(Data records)
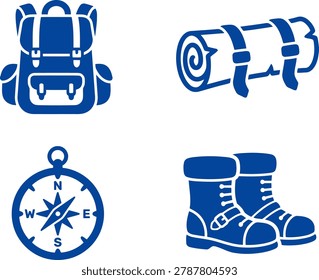 Blue backpack, rolled sleeping bag, compass, and hiking boots arranged for outdoor adventure preparation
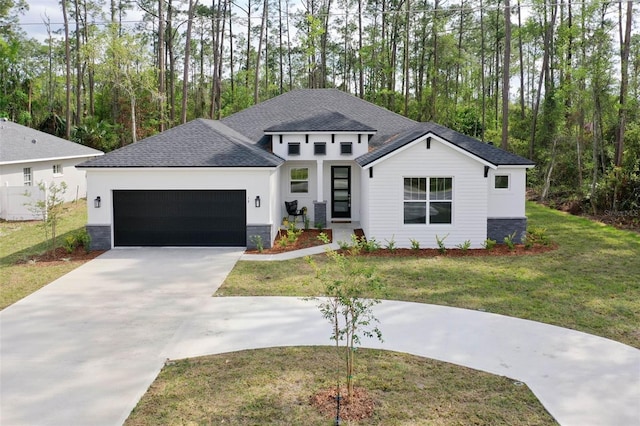 19 Essex Ln, Palm Coast, FL 32164 - view of front of home with an attached garage, concrete driveway, a front lawn, stucco siding, and a shingled roof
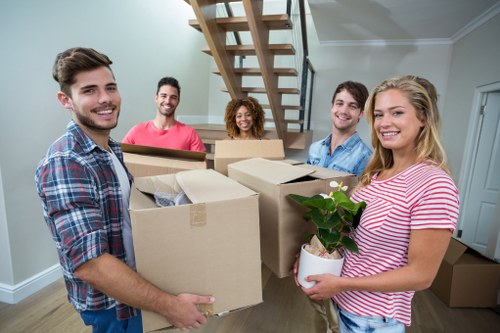 Professional house removalists carefully packing items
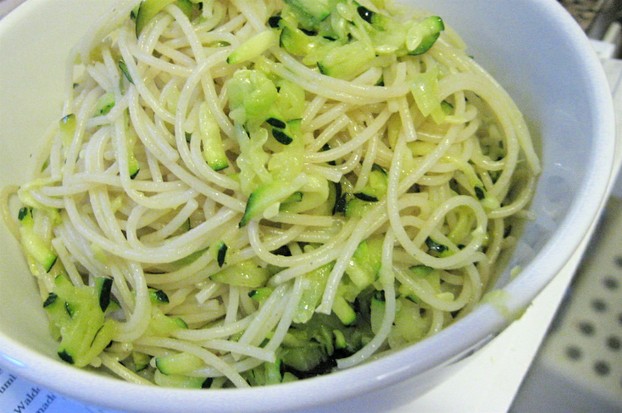Sautéed shredded zucchini serves as colorful complement to long pasta.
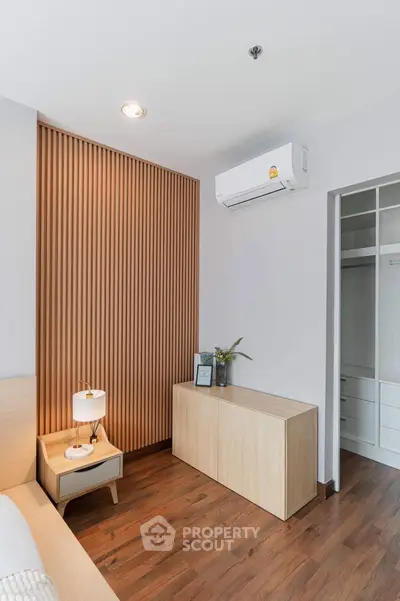 Modern bedroom with sleek wooden paneling and air conditioning, featuring a stylish lamp and storage unit.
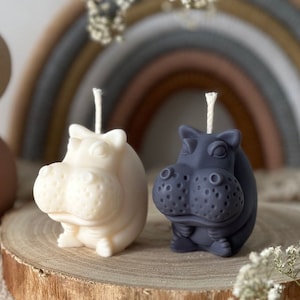 May include: Two small hippopotamus shaped candles, one white and one grey, sitting on a wooden slice. The candles are on a white surface with white flowers.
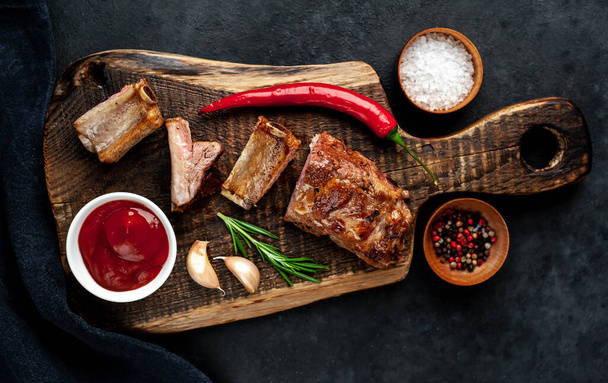 Grilled pork ribs with spices on black background - Photo, Image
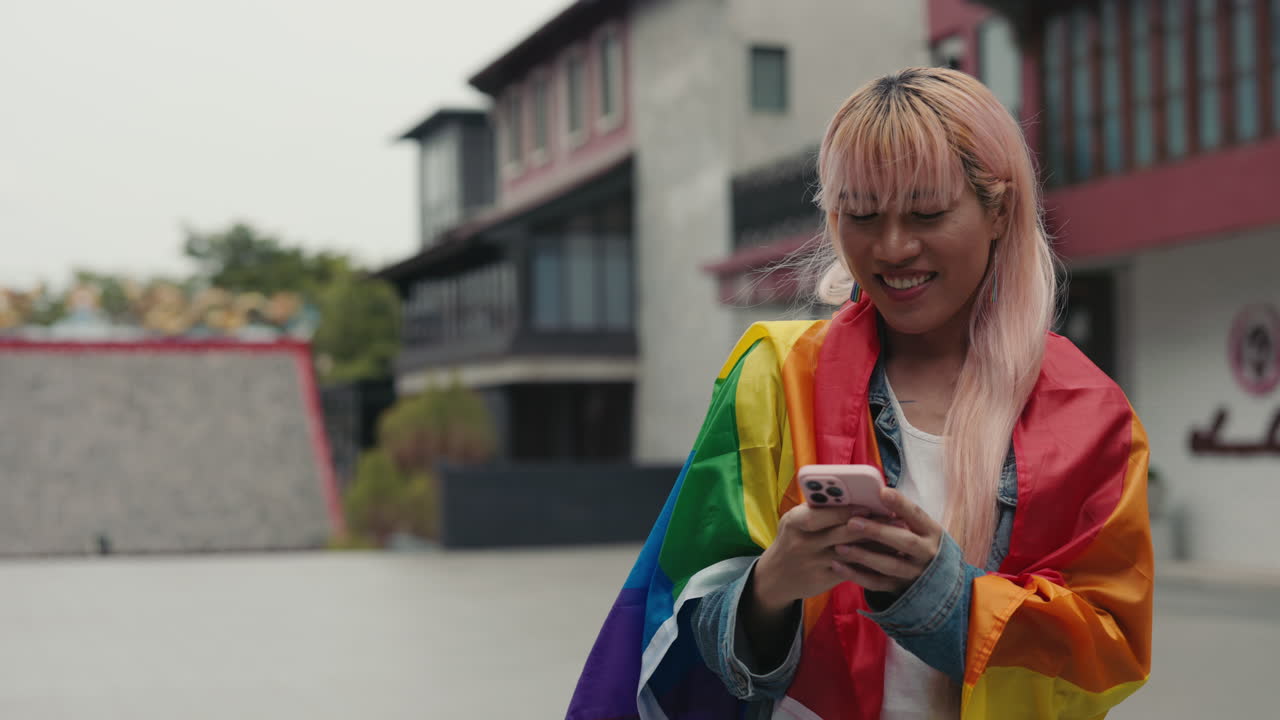 Woman using phone wrapped in pride flag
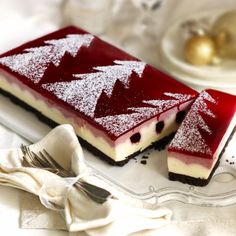 a piece of cheesecake with red and white topping on a plate next to a fork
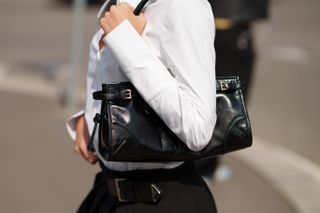 Woman carries Prada bag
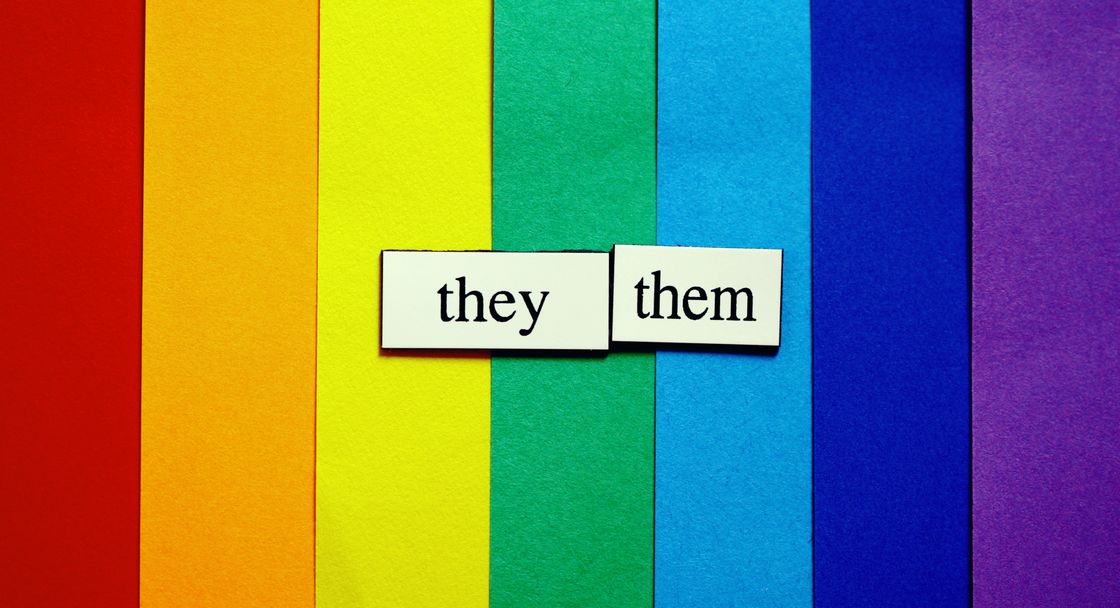 Rainbow stripes (red, orange, yellow, green, cyan, blue, purple) in the background. Pronouns “they/them” prominently placed black on white in the center.
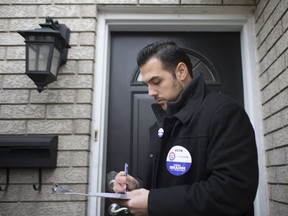 Windsor West Progressive Conservative candidate Adam Ibrahim campaigns along St. Clair Avenue  in South Windsor on  April 18, 2018.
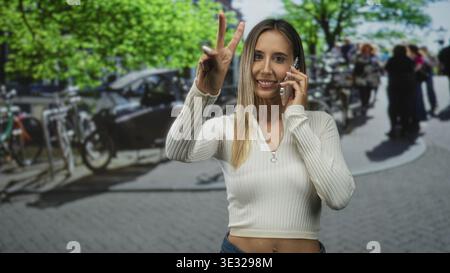 Frau, die mit dem Smartphone spricht und mit dem Finger auf eine geschäftige Straße zeigt, neben geparkten Fahrrädern und Fußgängern; Vertrauen in die Verbindung in die Stadt. Stockfoto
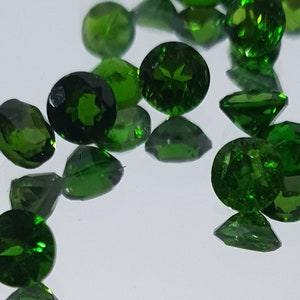 Puede incluir: Una colección de piedras preciosas verdes sueltas, probablemente peridoto o esmeralda, en varios tamaños y formas. Las piedras están facetadas y tienen un color verde brillante y vibrante.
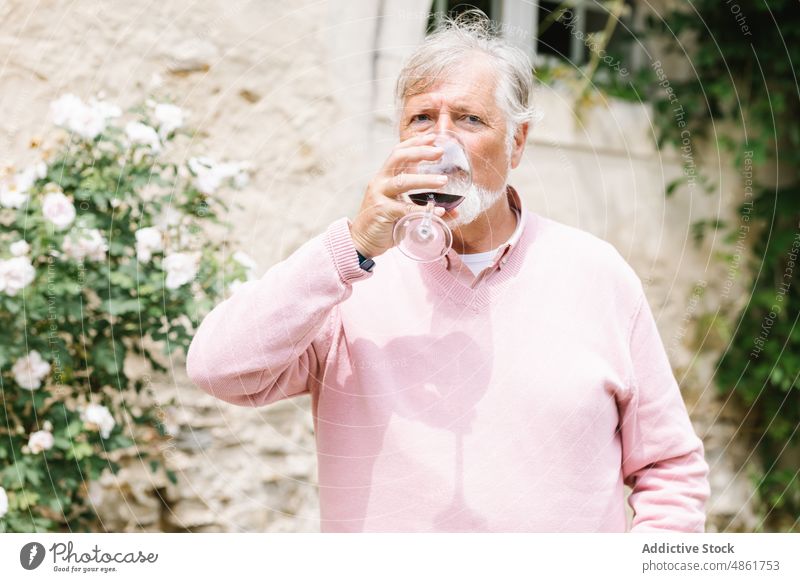 Mature man drinking wine during wedding celebration senior mature red wine alcohol celebrate event occasion festive beard party beverage elderly building street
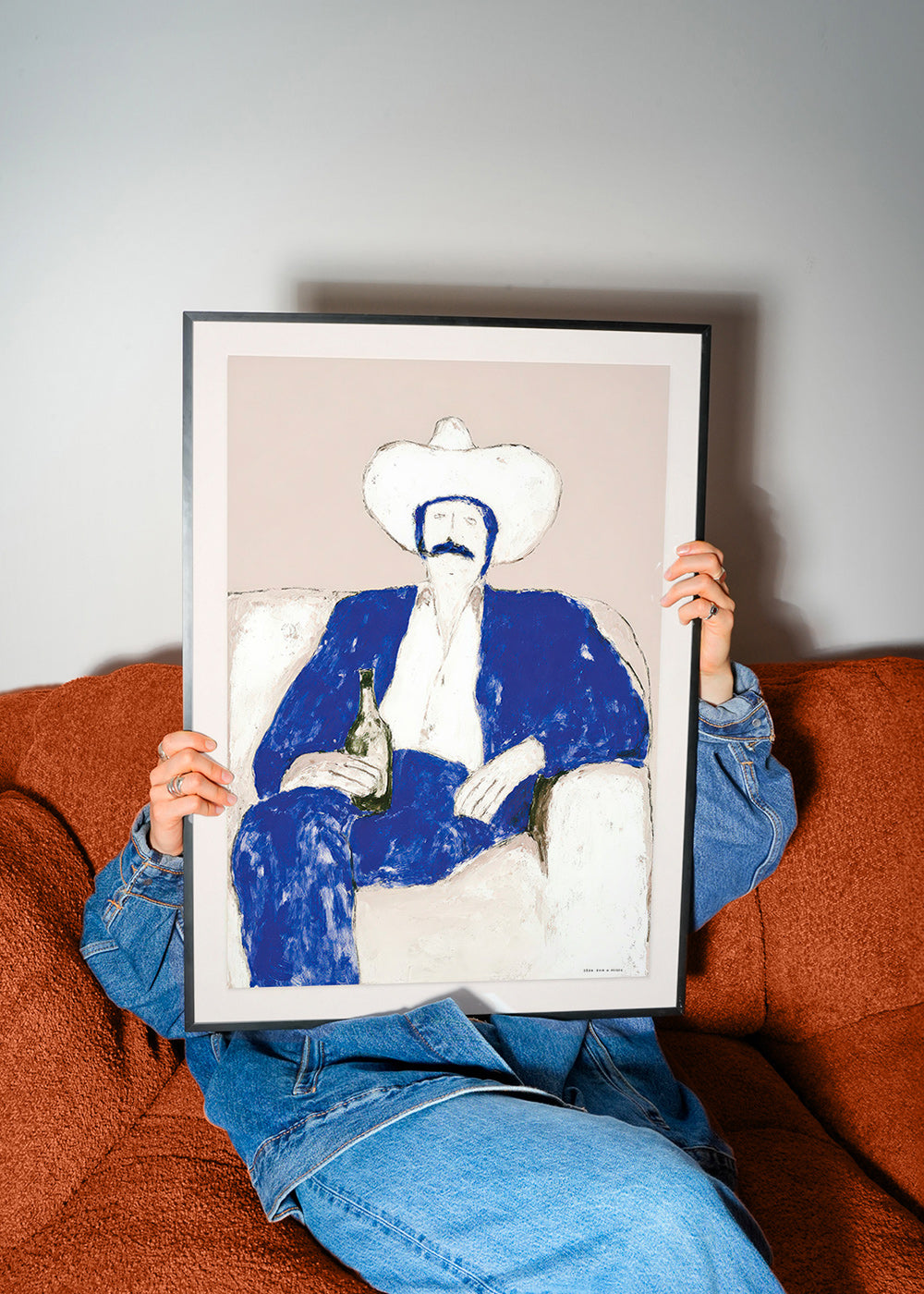 Illustration of seated blue cowboy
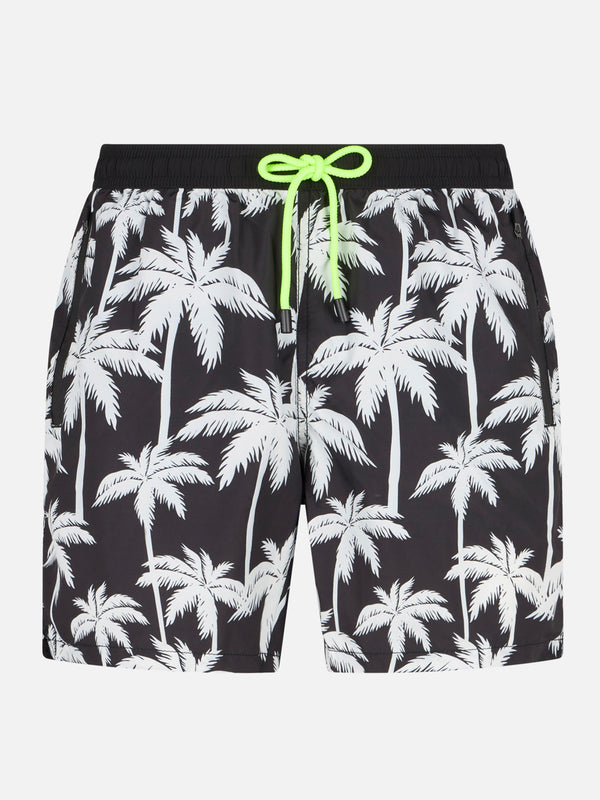 Man zipped swim shorts with palm print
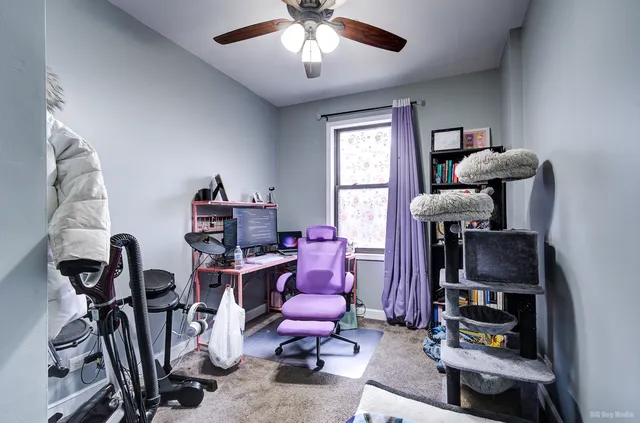 a view of a workspace with furniture and a window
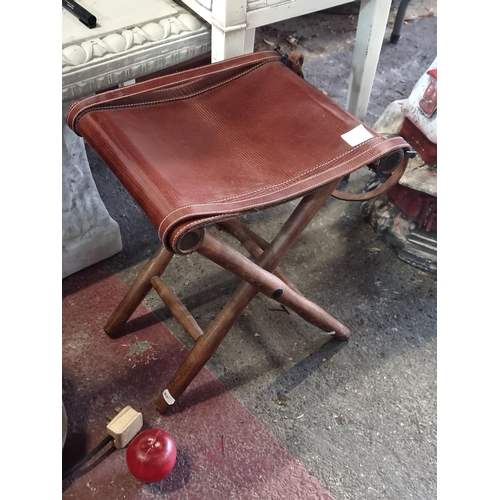 966 - An unusual vintage folding stool. Designed with a genuine leather seat and buckle detailing. Support...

**Task brief**
Beginning at the line that contains "Grilled pork ribs", give the remaining lines of the records again exactly, through the last one. Leave out pictures.

**Your response**
 Grilled pork ribs with spices on black background - Photo, Image
 Woman using phone wrapped in pride flag
 a piece of cheesecake with red and white topping on a plate next to a fork
 Woman carries Prada bag
 Rainbow stripes (red, orange, yellow, green, cyan, blue, purple) in the background. Pronouns “they/them” prominently placed black on white in the center.
 Windsor West Progressive Conservative candidate Adam Ibrahim campaigns along St. Clair Avenue  in South Windsor on  April 18, 2018.
 Frau, die mit dem Smartphone spricht und mit dem Finger auf eine geschäftige Straße zeigt, neben geparkten Fahrrädern und Fußgängern; Vertrauen in die Verbindung in die Stadt. Stockfoto
 Puede incluir: Una colección de piedras preciosas verdes sueltas, probablemente peridoto o esmeralda, en varios tamaños y formas. Las piedras están facetadas y tienen un color verde brillante y vibrante.
 Mature man drinking wine during wedding celebration senior mature red wine alcohol celebrate event occasion festive beard party beverage elderly building street
 Illustration of seated blue cowboy
 Man zipped swim shorts with palm print
 a view of a workspace with furniture and a window
 966 - An unusual vintage folding stool. Designed with a genuine leather seat and buckle detailing. Support...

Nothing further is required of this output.